Council holding hearing on scuttling special election
The Boston City Council plans on holding a hearing next week on whether or not to override a potential special election for mayor.
The legislation, from City Councilor Ricardo Arroyo, would specifically eliminate the possibility of a special election for Boston mayor in 2021. As a home-rule petition, it would need the sign-off of the council, Mayor Martin Walsh, the Legislature and the governor to go into effect.
If Walsh, President Biden’s nominee for Labor secretary, is confirmed by the U.S. Senate, departs before March 5, the city charter requires the city to hold a special election three months from the date he leaves — which is still to be determined.
“I would like to vote on this as quickly as possible,” Arroyo told the Herald on Friday.
He argues that this is necessary to stop from holding multiple elections in a short timeframe in the middle of a deadly pandemic.
“What we’re really debating here is if we’re going to put the city in danger,” Arroyo said. Of a special election, he added, “This would be an awful thing to have happen to the city.”
The city council scheduled a government operations hearing for 3 p.m. Tuesday. Arroyo said he hopes to hear from Secretary of State William Galvin’s office and the city’s elections department in the hearing.
City Councilor Lydia Edwards, who chairs government operations, said in a statement that she’d been consulting state ethics laws.
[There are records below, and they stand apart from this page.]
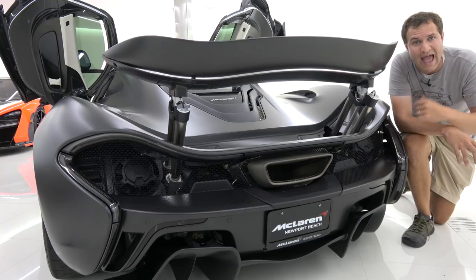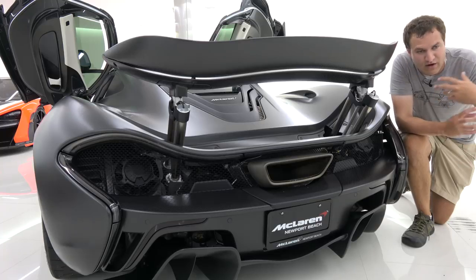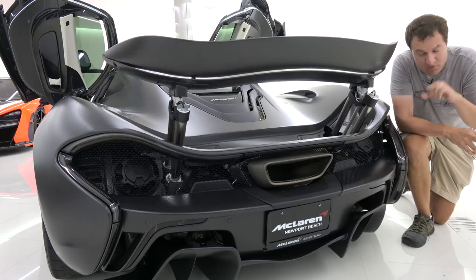Outtake: attempting to redo the brake light comparison, the reviewer accidentally says 'Pugani' instead of 'Pagani' — a blooper from the filming of the segment.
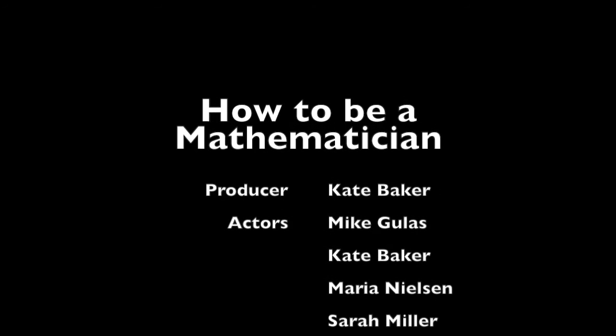Being a mathematician isn't easy work, but we can all be one if we follow tip number one and persevere. We'll see you later.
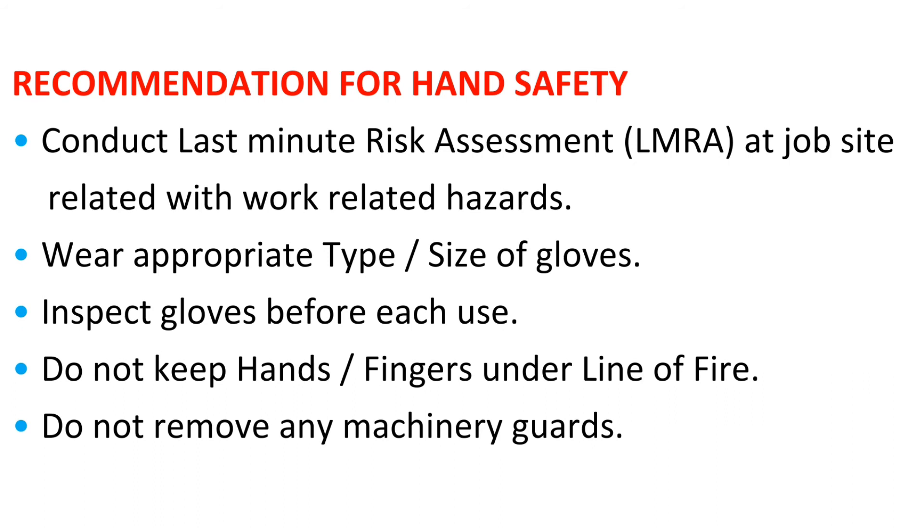Recommendations for hand safety: conduct a last-minute risk assessment (LMRA) at the job site related to work-related hazards. Wear the appropriate type and size of gloves. Inspect gloves before each use. Do not keep hands or fingers in the line of fire. Do not remove any machinery guards.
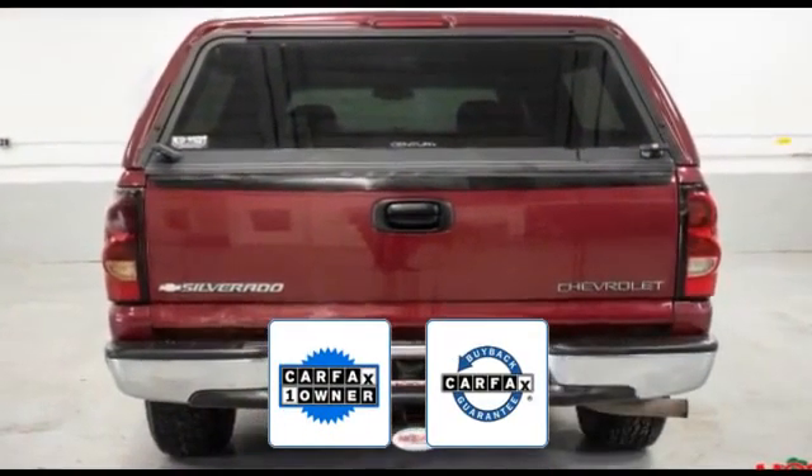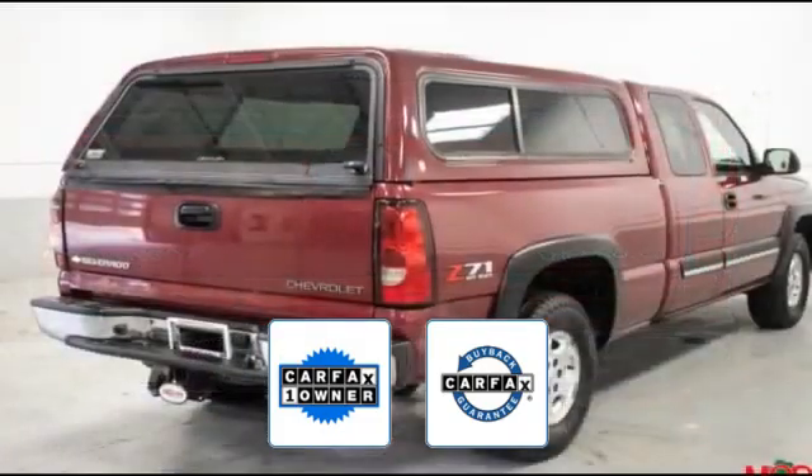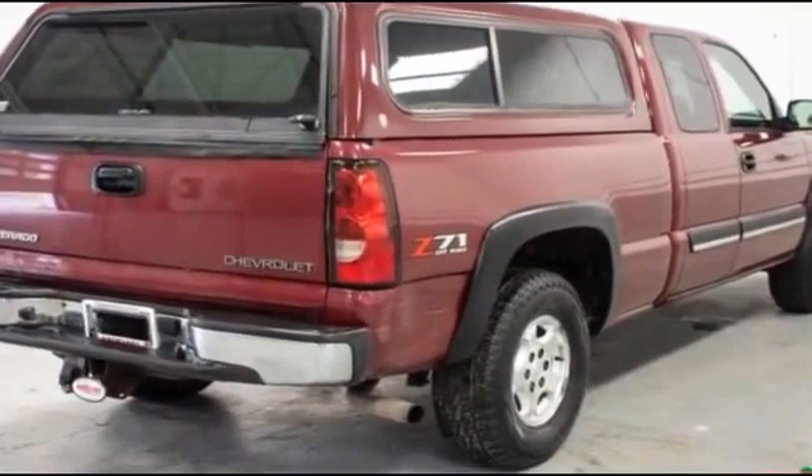Also a Carfax one-owner vehicle, this high-quality model also qualifies for the Carfax buy-back guarantee. This is a top-rated dealer. Find your dream car and drive it home today.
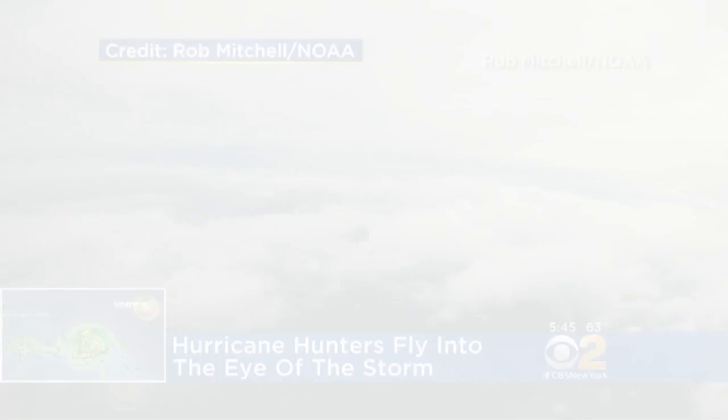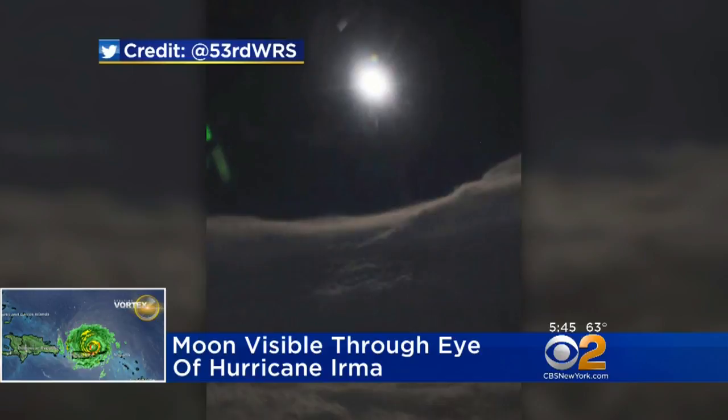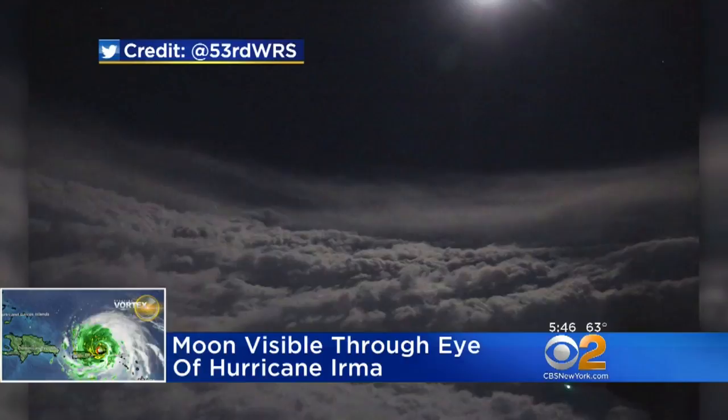And last night, Air Force Reserve hurricane hunters took this striking photo here. That is the moon through the eye of Irma. You can see the curve of the clouds and the storm's eye at night with the moon fully visible there. The scene oddly peaceful ahead of the potential destruction that the storm could cause.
“As chair of the committee that will be hearing this proposal, it is my responsibility to move it forward deliberately and in a way that can’t be questioned later,” Edwards said in a statement. “How we plan and conduct this hearing is as important as what we will be discussing during the hearing itself. My goal has always been to have a hearing, review this proposal and have a finished product ready for a council vote in a timely manner.”
Biden picked his friend Walsh as nominee for Labor earlier this month, heating up a mayoral race that already had drawn two challengers. City Councilors Andrea Campbell and Michelle Wu already were running, and at least two others, Kim Janey and Annissa Essaibi-George, now are strongly considering runs. Janey, the city council president, would become acting mayor when Walsh leaves.
If there is a special election, she’d be in the acting mayor role — which has more limited powers than an elected mayor does — until right after that special election. If there is no special election, she’s acting mayor until the November general election sorts the matter out.
Earlier in the month, when Arroyo introduced the petition, other councilors said they worried about the council appearing to help one candidate or another by changing the law.
Arroyo pushed back on that on Friday, saying, “Ultimately, that’s all speculation. The truth is that a special election hurts Bostonians.”